The power vacuum left behind by Saddam’s defeat was seized by anti-US armed groups like Iran-linked Shiite militias and Sunni factions dominated by Al-Qaeda.
US withdrawal from Iraq in 2011 enabled Al-Qaeda, through its “Islamic State in Iraq” offshoot, to regain momentum.
The terror group quickly expanded across Iraqi cities and spilled over into neighboring Syria, where chaos that followed the revolution against the regime of President Bashar al-Assad presented a unique opportunity for strategic land grabs.
It is still early to judge if Trump’s declaration of ISIS’ defeat was rushed, especially since the group had officially lost its “caliphate” and was chased into deserts and mountains.
Today, operations staged by ISIS in Syria and Iraq suggest that the group is in the process of reorganizing its ranks in caves and desert stretches, but also go to show that it still hasn’t reached the capacity for leaving its hideouts and overrunning cities.
Although UN estimates place the number of remaining ISIS fighters in Syria and Iraq at about 10,000, it is clear that the organization has not yet decided to move to the stage of trying to launch attacks on cities and large towns.
Instead, ISIS is limiting its activity to hit-and-run attacks, bombings and assassinations.
It seems that the terrorist organization is aware that attacking cities and towns is more of a suicide mission than an expansion effort. Russian and US air forces in the region would swiftly eliminate any of its assaulting or retreating units.
While it appears that ISIS in Syria and Iraq is currently still in the process of regrouping, the image of the organization's branches around the world appears somewhat muddled. Some are successful and expanding, while others are incurring heavy losses.
In Libya, ISIS suffered a severe setback in 2017, after it lost the thousands of fighters it had gathered in the city of Sirte, its capital on the coast of the Mediterranean. It fought for seven months but was eventually defeated.
Since then, ISIS's presence has been confined to tiny outposts deep in the southern deserts of the North African nation. Despite managing to stage a series of offensives, these outposts have been weakened greatly.
In Tunisia, ISIS failed in its venture to establish an “emirate” in the southern Ben Gardane region.
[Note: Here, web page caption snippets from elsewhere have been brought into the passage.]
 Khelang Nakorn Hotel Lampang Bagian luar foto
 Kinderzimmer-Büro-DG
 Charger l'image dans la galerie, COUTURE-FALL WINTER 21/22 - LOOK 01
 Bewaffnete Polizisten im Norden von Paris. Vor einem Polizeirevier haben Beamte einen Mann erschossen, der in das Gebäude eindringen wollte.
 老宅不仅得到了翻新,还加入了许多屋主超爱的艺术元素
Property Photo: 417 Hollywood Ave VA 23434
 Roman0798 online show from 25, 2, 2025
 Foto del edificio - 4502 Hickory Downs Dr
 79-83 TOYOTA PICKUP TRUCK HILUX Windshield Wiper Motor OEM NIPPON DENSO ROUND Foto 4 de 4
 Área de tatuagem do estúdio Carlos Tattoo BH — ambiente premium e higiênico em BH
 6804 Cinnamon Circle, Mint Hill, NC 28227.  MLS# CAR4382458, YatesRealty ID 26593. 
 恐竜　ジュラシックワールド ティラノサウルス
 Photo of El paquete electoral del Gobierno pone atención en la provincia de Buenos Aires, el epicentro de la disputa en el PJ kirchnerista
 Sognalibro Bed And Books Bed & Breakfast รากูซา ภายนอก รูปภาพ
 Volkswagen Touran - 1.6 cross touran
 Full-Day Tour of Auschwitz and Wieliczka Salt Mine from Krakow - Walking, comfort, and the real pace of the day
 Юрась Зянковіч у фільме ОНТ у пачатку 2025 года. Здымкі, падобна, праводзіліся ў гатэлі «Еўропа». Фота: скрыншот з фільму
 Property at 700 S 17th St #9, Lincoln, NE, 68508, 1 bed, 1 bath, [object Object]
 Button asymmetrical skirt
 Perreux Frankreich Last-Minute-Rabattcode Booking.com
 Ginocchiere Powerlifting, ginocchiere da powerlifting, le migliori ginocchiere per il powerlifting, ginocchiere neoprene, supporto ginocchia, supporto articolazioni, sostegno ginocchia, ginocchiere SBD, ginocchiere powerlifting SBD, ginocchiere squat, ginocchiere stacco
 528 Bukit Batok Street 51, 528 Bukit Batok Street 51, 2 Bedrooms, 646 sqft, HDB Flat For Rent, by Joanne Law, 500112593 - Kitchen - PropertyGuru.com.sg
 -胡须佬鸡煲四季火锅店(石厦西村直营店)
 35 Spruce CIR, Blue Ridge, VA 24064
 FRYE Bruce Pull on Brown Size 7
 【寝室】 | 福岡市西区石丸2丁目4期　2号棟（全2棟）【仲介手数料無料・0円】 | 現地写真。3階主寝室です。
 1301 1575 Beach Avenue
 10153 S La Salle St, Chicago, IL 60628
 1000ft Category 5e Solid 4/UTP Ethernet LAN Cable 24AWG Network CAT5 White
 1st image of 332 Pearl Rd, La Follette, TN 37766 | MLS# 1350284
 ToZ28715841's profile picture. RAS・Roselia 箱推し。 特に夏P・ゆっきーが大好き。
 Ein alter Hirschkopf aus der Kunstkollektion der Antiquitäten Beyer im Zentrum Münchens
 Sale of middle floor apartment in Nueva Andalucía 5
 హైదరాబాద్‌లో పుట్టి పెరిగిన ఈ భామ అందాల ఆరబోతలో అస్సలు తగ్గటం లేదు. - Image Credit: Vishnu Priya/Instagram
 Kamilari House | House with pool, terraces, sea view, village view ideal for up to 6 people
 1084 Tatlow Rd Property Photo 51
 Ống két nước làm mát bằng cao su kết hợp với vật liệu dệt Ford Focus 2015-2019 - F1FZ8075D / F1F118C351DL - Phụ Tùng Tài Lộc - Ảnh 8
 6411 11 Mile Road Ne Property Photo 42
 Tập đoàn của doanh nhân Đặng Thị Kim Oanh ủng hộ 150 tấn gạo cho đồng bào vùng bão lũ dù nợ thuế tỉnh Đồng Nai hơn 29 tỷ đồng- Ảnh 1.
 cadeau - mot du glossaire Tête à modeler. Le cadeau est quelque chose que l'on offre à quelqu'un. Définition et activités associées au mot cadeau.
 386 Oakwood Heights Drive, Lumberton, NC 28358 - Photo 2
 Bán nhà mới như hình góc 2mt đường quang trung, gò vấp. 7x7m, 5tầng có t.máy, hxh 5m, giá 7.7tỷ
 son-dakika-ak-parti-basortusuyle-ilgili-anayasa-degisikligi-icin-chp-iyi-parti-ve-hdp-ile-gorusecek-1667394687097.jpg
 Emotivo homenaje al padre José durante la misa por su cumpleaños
The group’s activity is currently limited to mountainous areas near borders with Algeria.
In Algeria, security forces managed to eradicate the local ISIS branch, branded “Caliphate Soldiers” in 2014.
In the Sinai Peninsula, ISIS offshoots were faced by a large-scale military campaign by the Egyptian army that targeted the organization’s hideouts. Despite the apparent weakening of ISIS in Sinai, the terrorist group still announces from time to time the killing of people suspected of collaborating with the security forces.